- Artist: Meriem Bennani; Orian Barki;
- Year: 2024
- Medium: Mechanical installation (Sole Crushing); Computer-animated feature (For Aicha);
- Location: Fondazione Prada; Milan;

= For My Best Family =

2024 art exhibition

For My Best Family was a 2024 art exhibition by Meriem Bennani and Orian Barki, funded by the Milan host facility Fondazione Prada. Developed over a two-year period, it featured two components on different levels of the Prada, a mechanical installation named Sole Crushing and a computer-animated film entitled For Aicha. The latter revisited the universe of Bennani and Barki's 2020 web series 2 Lizards, and was the first animated feature produced in Morocco.

The exhibition ran at the Prada premises between 31 October 2024 and 24 February 2025, and was well-received by Italian outlets. Both portions of Family resurfaced as separate attractions in late 2025: an extended version of Aicha which received festival release as the retitled Bouchra, and a standalone edition of Sole Crushing that debuted in Paris.

== Overview ==
For My Best Family was held across two levels of Milan's Fondazione Prada during its run. The ground floor was occupied by a mechanical installation named Sole Crushing, while the upstairs Cinema Godard section on the first floor showed a computer-animated film entitled For Aicha.
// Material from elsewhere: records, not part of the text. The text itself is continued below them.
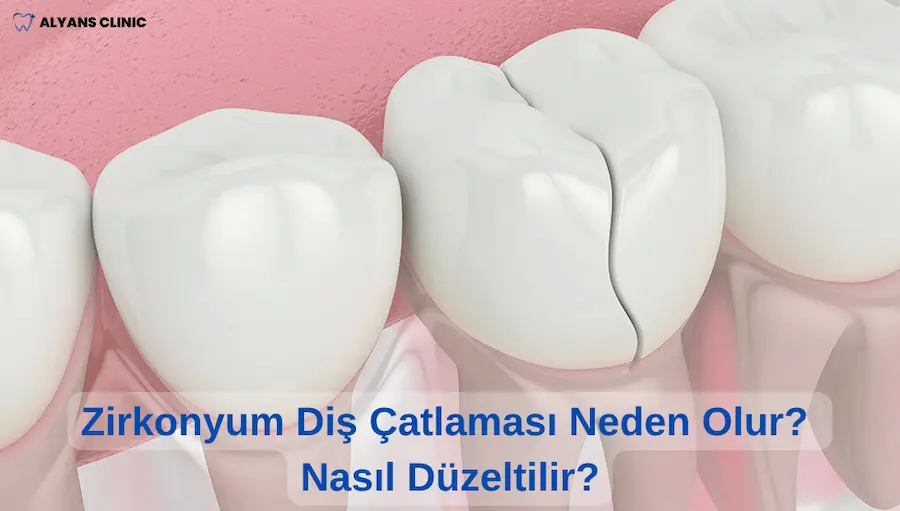 Zirkonyum Diş Çatlaması Neden Olur Nasıl Düzeltilir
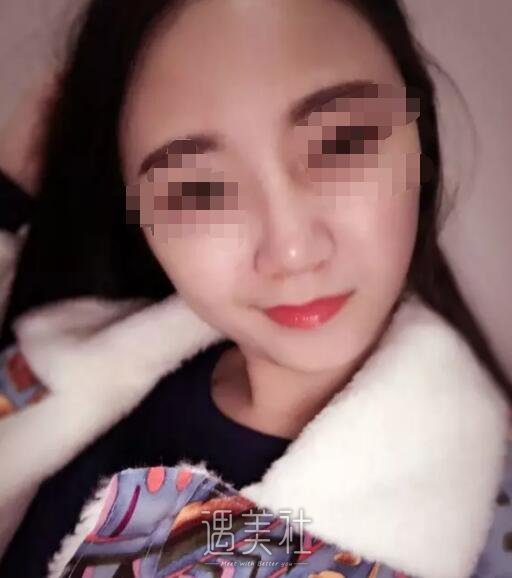 成都华美紫馨邱伟怎么样?隆鼻案例一览~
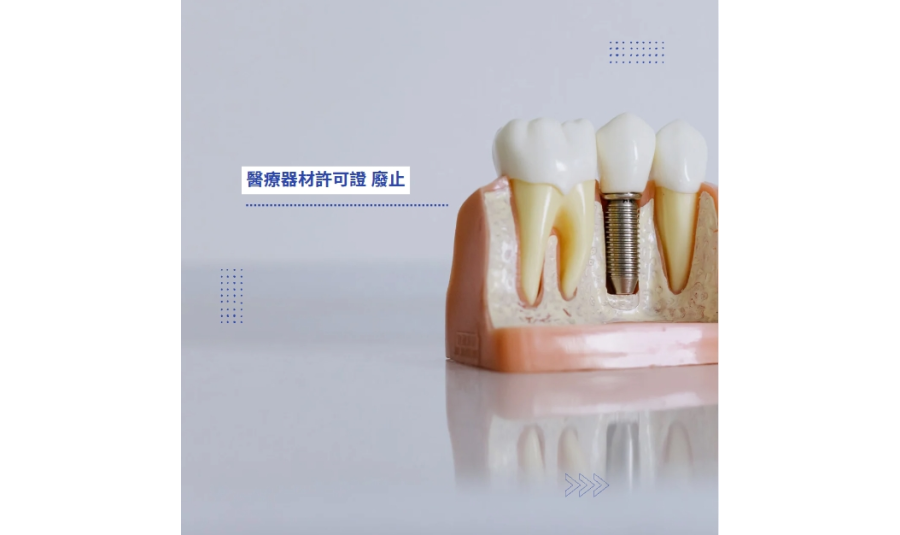 轉知 醫療器材許可證(衛部醫器製壹字第007688號)回收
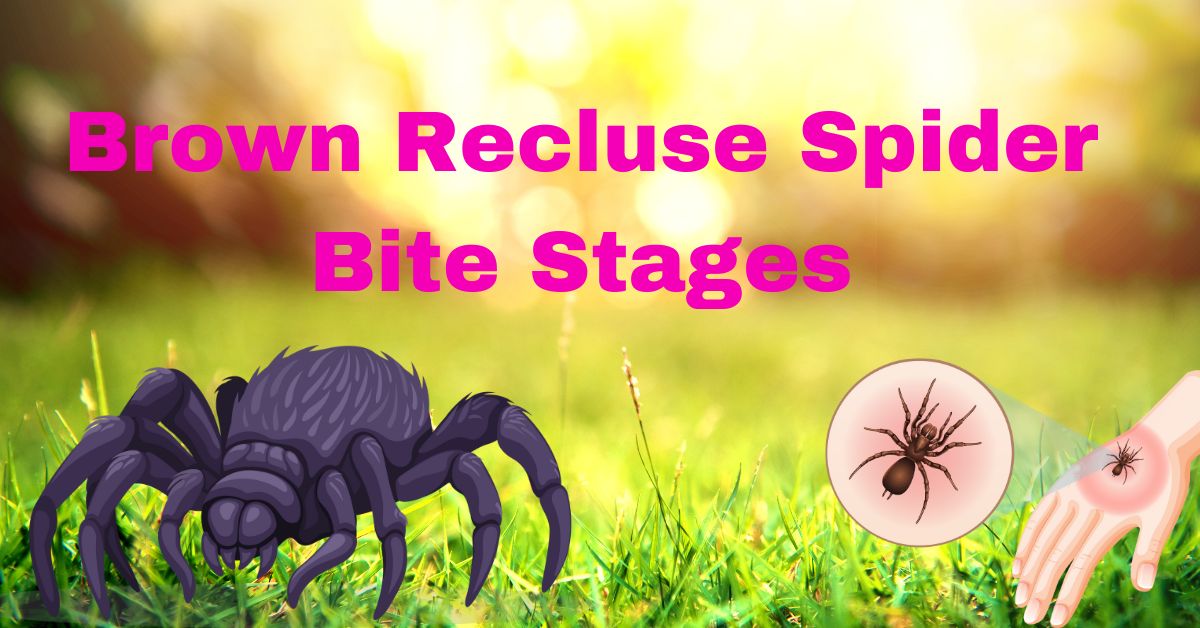 Brown Recluse Spider Bite Stages:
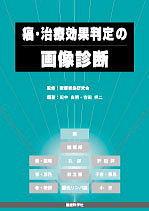 癌・治療効果判定の画像診断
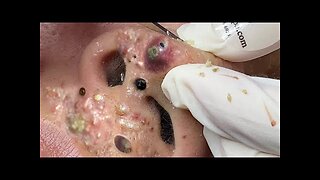 Blackheads Removal & Pimple Popper Cystic Acne Extraction 11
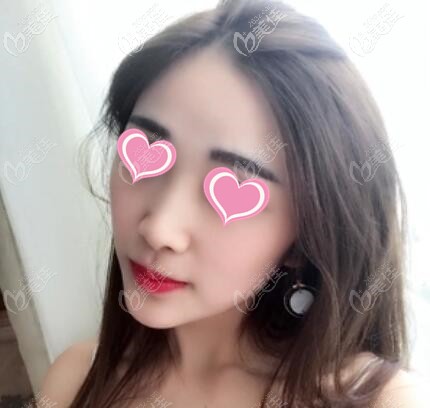 玻尿酸墊下巴半個(gè)月效果照 玻尿酸墊下巴半個(gè)月效果照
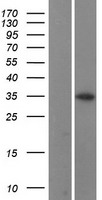 CCNB1IP1 Human Over-expression Lysate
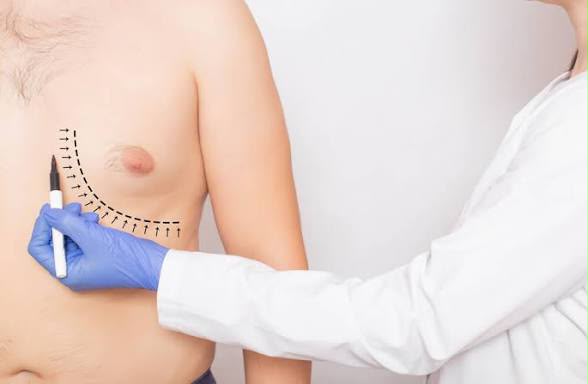 Gynecomastia male chest surgery at EsteCenter Istanbul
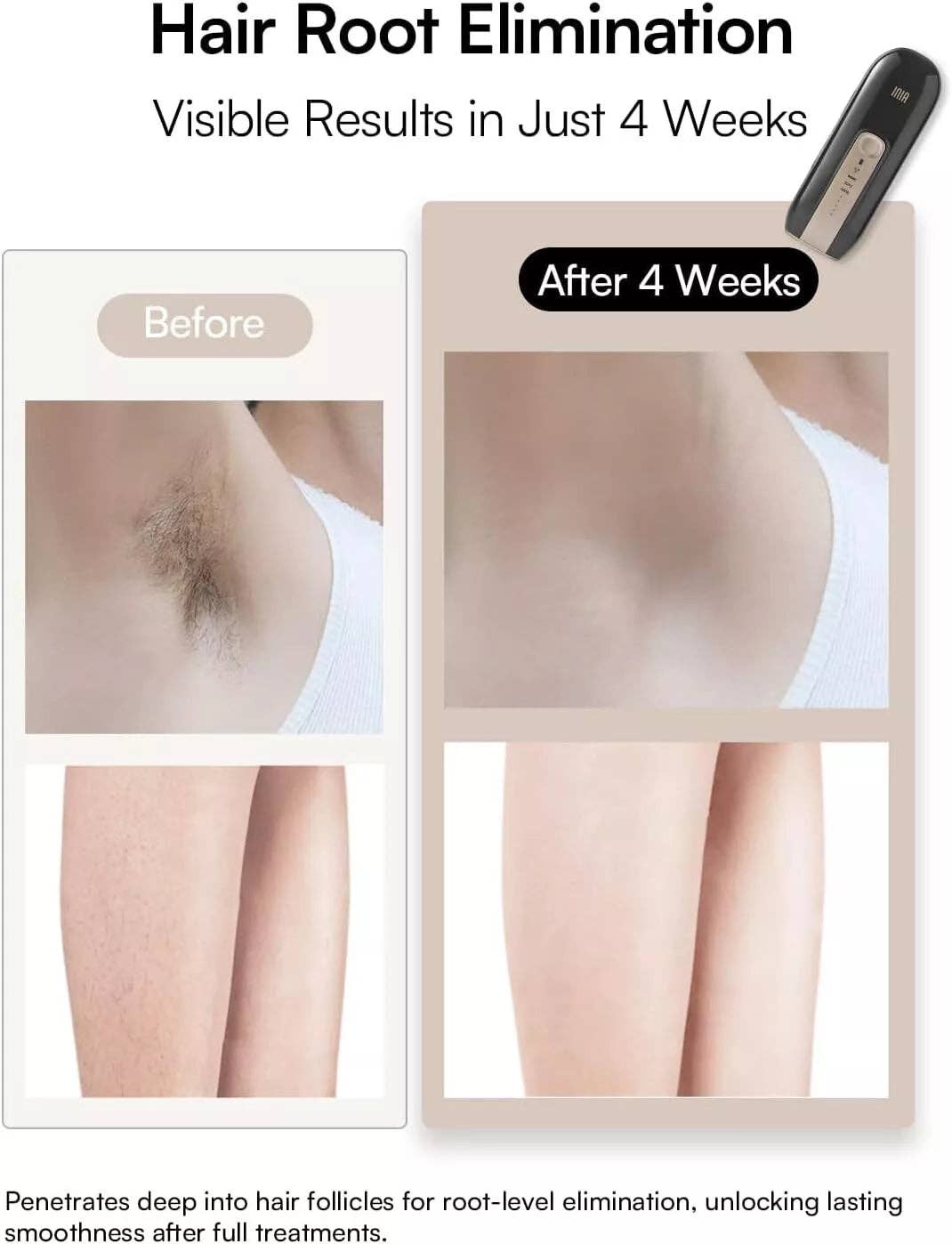 My Wholesale Warehouse - Wholesale Electronic Skincare Device - INIA Laser Hair Removal Device1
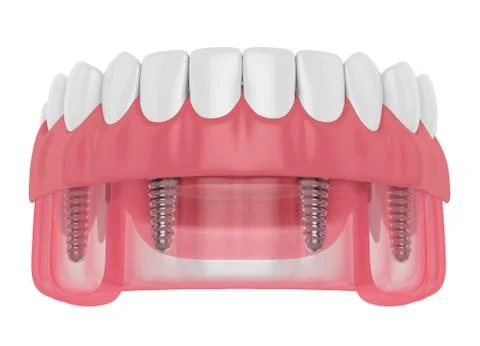 3d render of implant partial denture Illustrazione stock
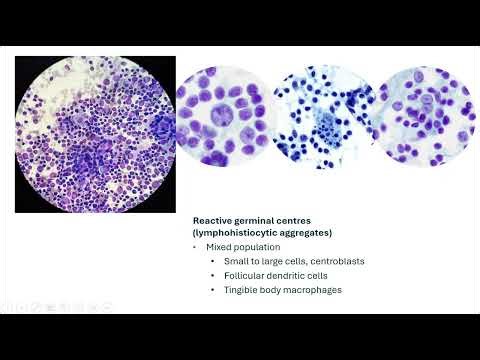 Pathweb Cytopathology Quiz: Lymph Node Cytology 1.1 (BASIC level quiz 1)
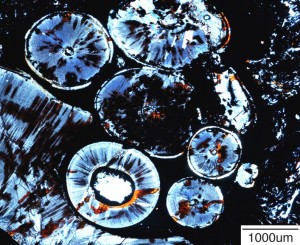 An image of a tumor made of teeth.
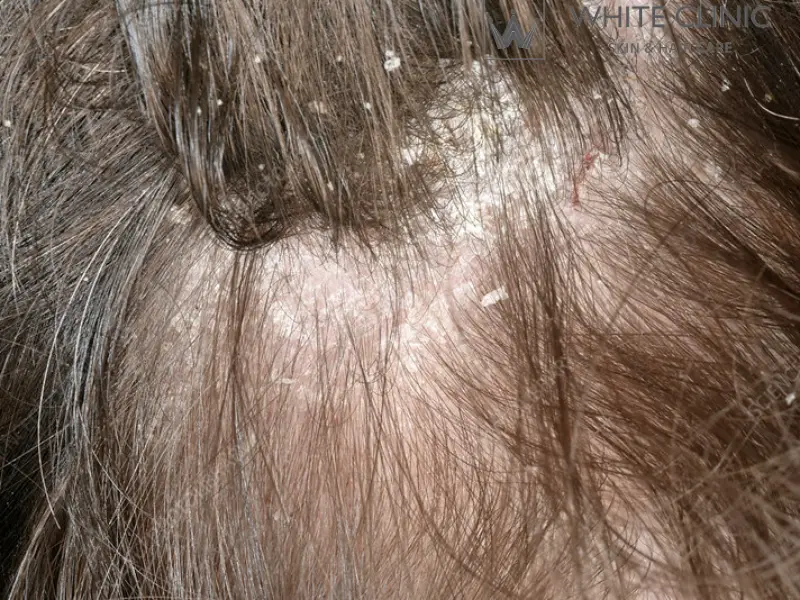 da đầu yếu da đầu yếu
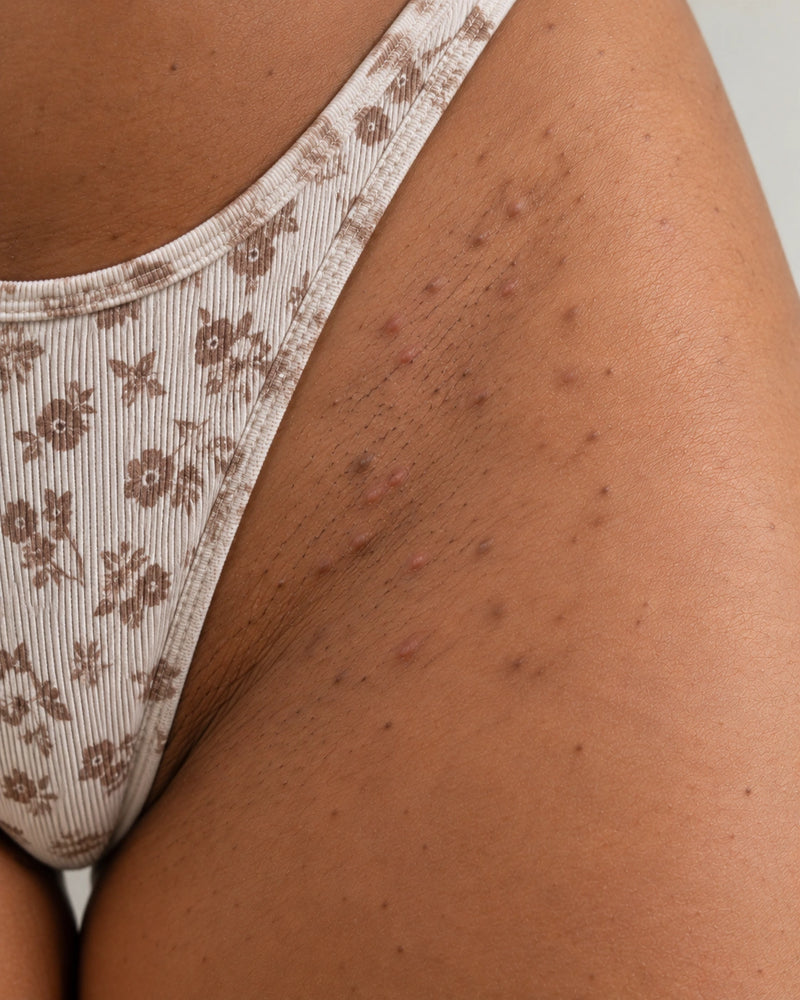 Before: close-up of an adult illustrative model's outer bikini line showing visible follicular bumps, stubble and post-shave marks.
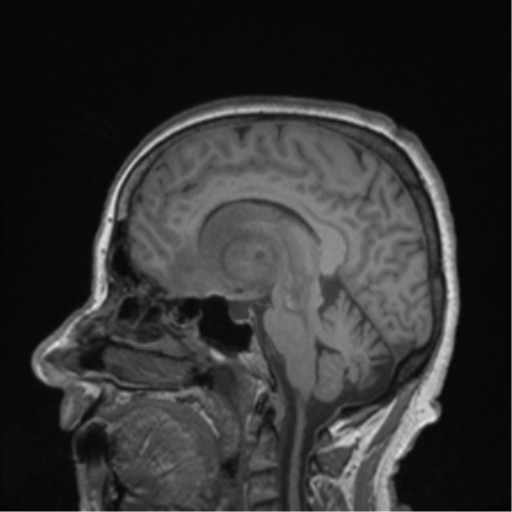 Cerebral metastasis to basal ganglia (Radiopaedia 81568-95413 Sagittal T1 40).png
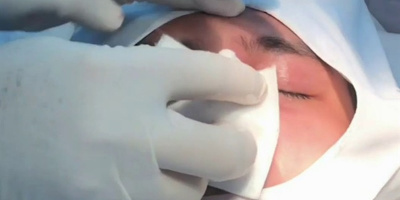 Một phụ nữ bị hoại tử, có nguy cơ mù mắt sau khi tiêm filler nâng mũi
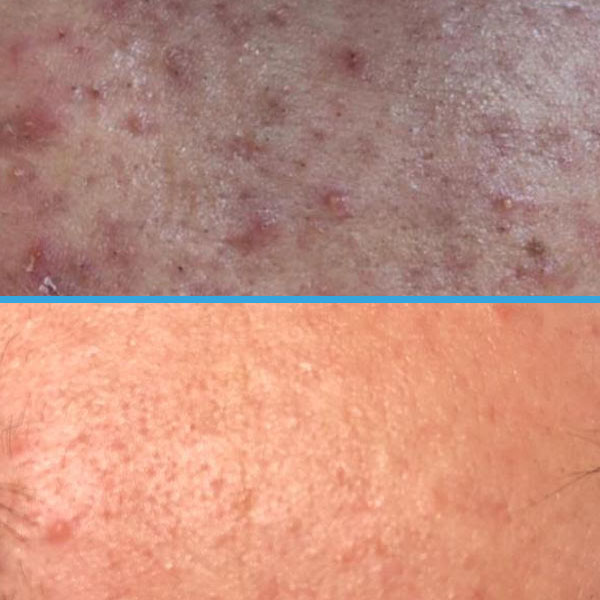Resultado antes y después con láser azul Blauman — acné caso 3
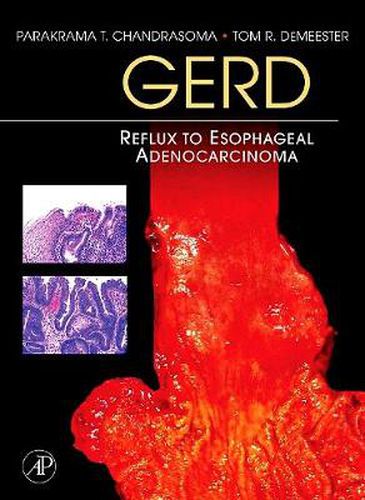 Cover image for GERD: Reflux to Esophageal Adenocarcinoma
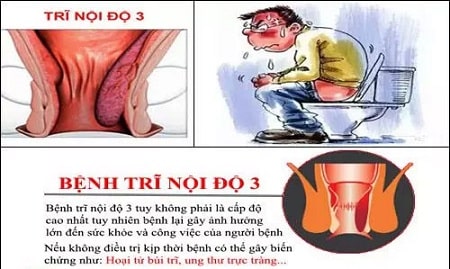 Bệnh trĩ nội độ 3 là gì ? 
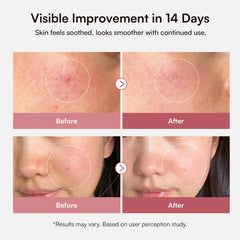 INIA dropper releasing lightweight serum texture for quick absorption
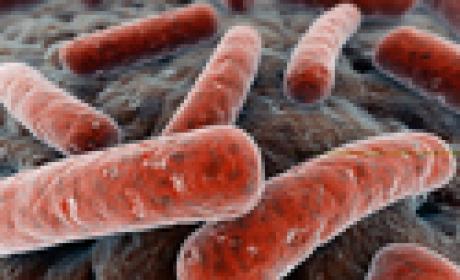 Microscopia eletrônica mostra o bacilo da tuberculose (Imagem: Acervo Agência Fiocruz de Notícias) Bacilos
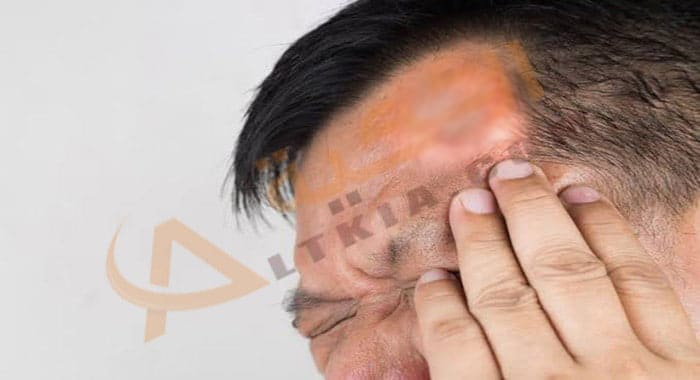تفسير حلم خروج الدم من الرأس في المنام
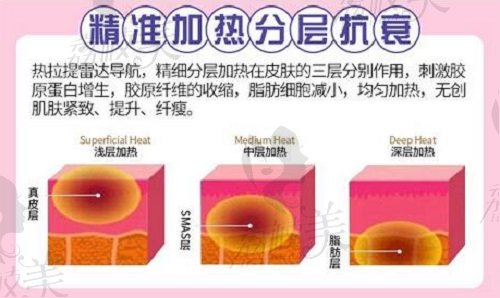 北京华韩做热拉提面部提升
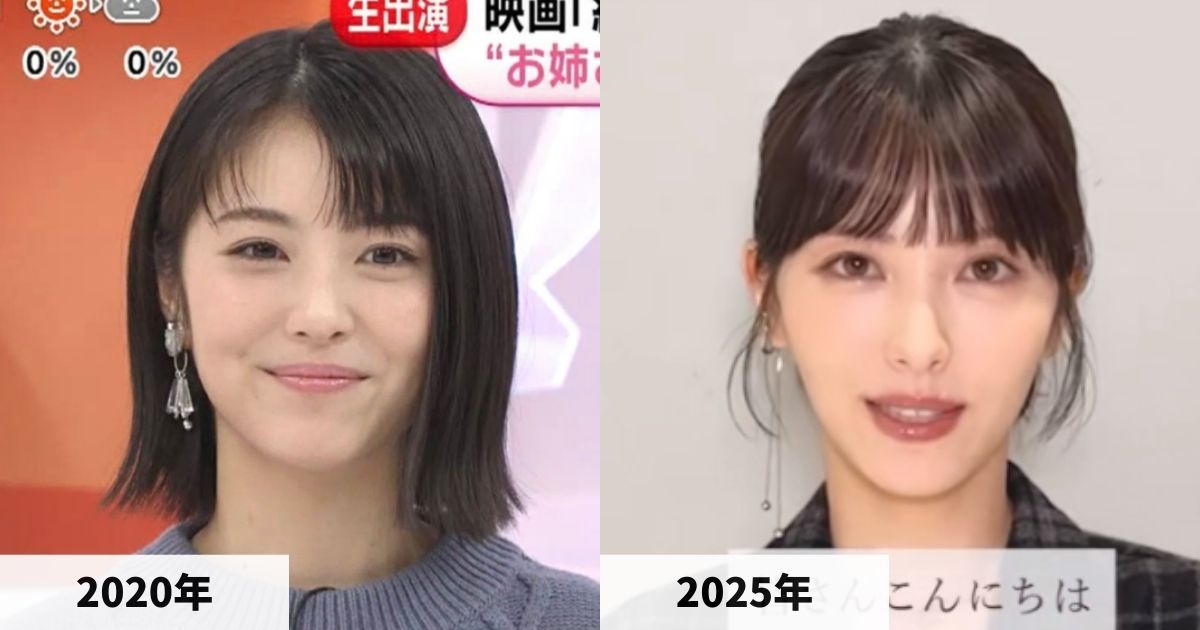 2020年と2025年の浜辺美波さんの顔の比較画像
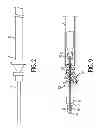 Fig. 03 - System and method for delivering and deploying an occluding device within a vessel
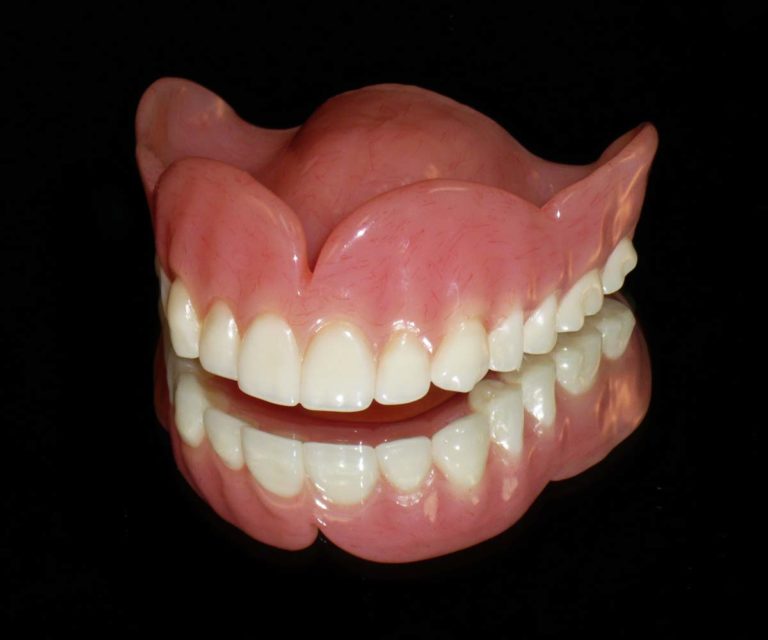 Complete Dentures Edmonton South Centre Denture Clinic   Complete Full Dentures 768x640 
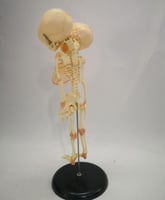 نموذج الهيكل العظمي لجنين مزدوج الرأس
Sole Crushing comprised no fewer than 190 flip-flops laid out across six platforms, which "slap against panels, creating a riotous, polyphonic composition and choreography....Most of them face a small, central podium bearing a single pair of flip-flops whose slapping movements are occasionally isolated, creating a sense of conversation between an individual and a crowd." For Aicha—the 73-minute progenitor of what became Bouchra—told the story of a 35-year-old queer Moroccan canid filmmaker (Note: Depending on the source, Bouchra has been described as a jackal (during the 2024 Prada release) or coyote (during the 2025 festival run).) coming to terms with her sexuality and career through a series of phone calls to her Casablanca mother. Sole Crushings sound played during Aicha, particularly during the plot's "points of tension": "As the two main characters reach their resolution, so does the composition of the footwear when they finish their symphony."

== Development ==
With funding from the Fondazione Prada, Meriem Bennani worked on For My Best Family over a two-year period, with different collaborators on each portion: Sole Crushing featured Reba Senhaji (a musician performing as Cheb Runner), while For Aicha reunited her with creative partner Orian Barki (with whom she co-created the 2020 web series 2 Lizards). All three were natives of the Middle East and North Africa (MENA) region: Bennani and Runner from Morocco, and Barki from Tel Aviv, Israel. In response to Prada's development deal, Bennani insisted that the exhibition include a feature film.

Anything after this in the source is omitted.